The applicant’s first ground

  1. The applicant claims an apprehension of bias on the part of the Minister’s delegate. It is submitted that the delegate applied a closed mind to the possibility that the information from the community source was unreliable and was only prepared to accept information consistent with the advice from the community source.

  2. An allegation of apprehended bias is not to be made lightly. Whilst there is a clear distinction between apprehended bias and actual bias, it is, in my view, clear that an allegation of apprehended bias raises the question of bad faith on the part of the decision-maker, and it must be clearly alleged and proved (see SBBS v Minister for Immigration & Multicultural & Indigenous Affairs[18] at [43]).

    [18] [2002] FCAFC 361

  3. In their text Judicial Review of Administrative Action[19] the authors, Messrs Aronson, Dyer and Groves, state:

    The core of the test for bias for decision-makers exercising public power is whether the relevant circumstances are such as would give rise, in the mind of a fair-minded and informed member of the public, to a reasonable apprehension of a lack of impartiality on the part of the decision-maker.[20]

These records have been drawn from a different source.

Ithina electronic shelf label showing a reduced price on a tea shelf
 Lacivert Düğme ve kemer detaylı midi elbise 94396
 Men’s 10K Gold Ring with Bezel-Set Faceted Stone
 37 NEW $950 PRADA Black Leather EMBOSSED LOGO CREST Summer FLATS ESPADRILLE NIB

    [19] Third Edition, Lawbook Co, Sydney, 2004

    [20] Aronson, Dyer & Groves, Judicial Review of Administrative Action, Third Edition Lawbook Co., Sydney 2004, p. 565

  4. More specifically, the High Court has set out the test to be applied in Re Refugee Review Tribunal; ex parte H:

    [27]  The test for apprehended bias in relation to curial proceedings is whether a fair-minded lay observer might reasonably apprehend that a judge might not bring an impartial mind to the resolution of the question to be decided.[21] That formulation owes much to the fact that court proceedings are held in public. There is some incongruity in formulating a test in terms of “a fair-minded lay observer” when, as is the case with the tribunal, proceedings are held in private.

    [28]  Perhaps it would be better, in the case of administrative proceedings held in private, to formulate the test for apprehended bias by reference to a hypothetical fair-minded lay person who is properly informed as to the nature of the proceedings, the matters in issue and the conduct which is said to give rise to an apprehension of bias. Whether or not that be the appropriate formulation, there is, in our view, no reason to depart from the objective test of possibility, as distinct from probability, as to what will be done or what might have been done. To do otherwise would be to risk confusion of apprehended bias with actual bias by requiring substantially the same proof.[22]

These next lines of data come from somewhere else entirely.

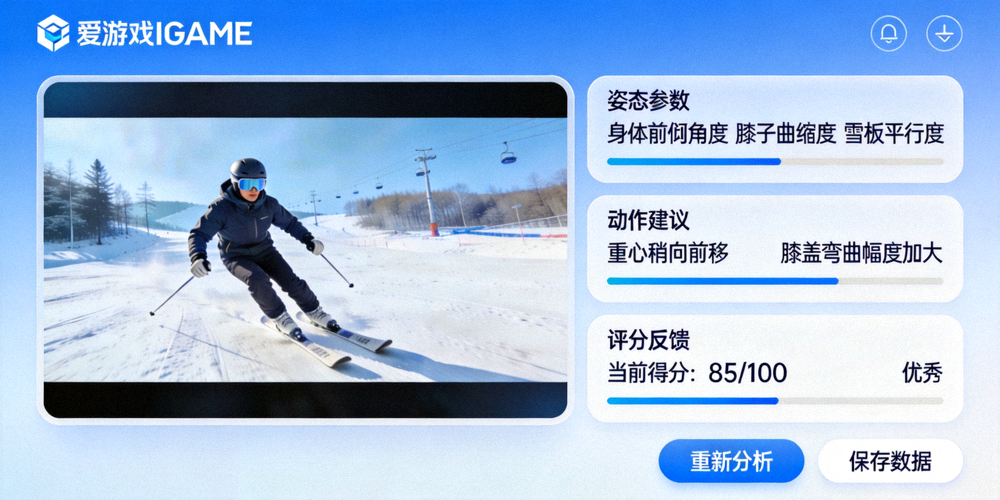 爱游戏IGAME平台AI动作教练界面，展示对用户滑雪姿态的实时分析与评分反馈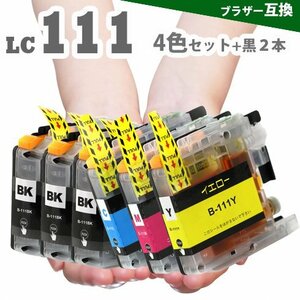 プリンターインク LC111-4PK　+　LC111BK×2個　 4色セット+ブラック2個　 ブラザー　LC111　互換インク LC111BK LC111Y LC111M LC111C A3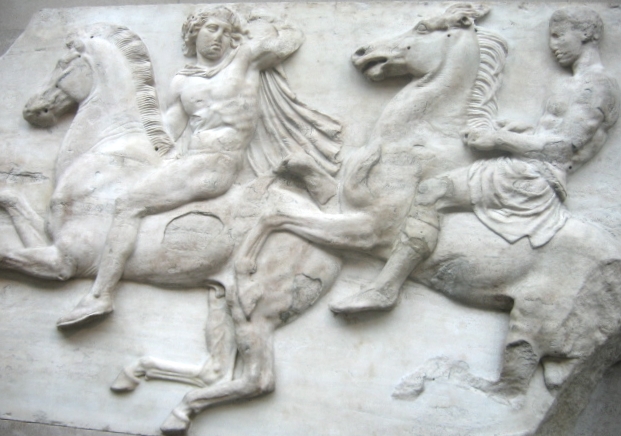 The western frieze of the Parthenon Marbles, on view at the British Museum in London. Photo by Urban, Creative Commons Attribution-Share Alike 2.5 Generic license.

    [21] Footnotes omitted

    [22] (2001) 179 ALR 425 at [27]-[28] per Gleeson CJ, Gaudron and Gummow JJ

  1. Whilst in that decision their Honours were dealing with the conduct of a hearing before the Refugee Review Tribunal and in the case under review the Court is considering a decision by the Minister’s delegate, the test for apprehended bias is still appropriate.

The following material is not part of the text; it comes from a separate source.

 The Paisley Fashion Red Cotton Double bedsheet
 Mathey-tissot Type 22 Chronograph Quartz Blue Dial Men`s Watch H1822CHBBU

  2. True it is that the delegate gave more weight to the information from the community source than to the evidence of the applicant and her family, but this does not of itself prove that the delegate closed her mind to the evidence. The letter to the applicant dated 31st October 2007 referred to the correspondence from the applicant’s solicitor:

    …attaching statutory declarations by your sponsor and family members containing denials that your marriage was arranged for payment.

    Also received were statements by the sponsor’s relatives claiming that the relationship is genuine.[23]

    [23] Court Book 168

  3. The delegate went on to say that this material was considered:

    After considering your response, the Department has decided not to revoke the cancellation of your visa under s 131 because your claims are inconsistent to advice received from a community source who has requested that their identity be protected.[24]

    [24] ibid.

  4. This does not show that the delegate closed her mind to relevant evidence when arriving at the decision not to revoke the cancellation of the applicant’s visa (see SZLSW v Minister for Immigration & Anor[25]). The delegate was entitled to accept or reject or give such weight to the evidence as she thought appropriate in all the circumstances (Lee v Minister for Immigration & Multicultural & Indigenous Affairs[26] per French J at [27]).

    [25] [2008] FMCA 498 at [47]

    [26] [2005] FCA 464

  5. As I am not satisfied that the applicant has shown that the delegate’s decision was affected by apprehended bias, the applicant’s first ground has not been made out.

The applicant’s second ground

  1. The applicant’s second ground claims that the delegate failed to comply with the provisions of s 129 of the Migration Act, by giving insufficient particulars about the “community source” and by not giving particulars about the delegate’s concerns regarding the genuineness of the relationship.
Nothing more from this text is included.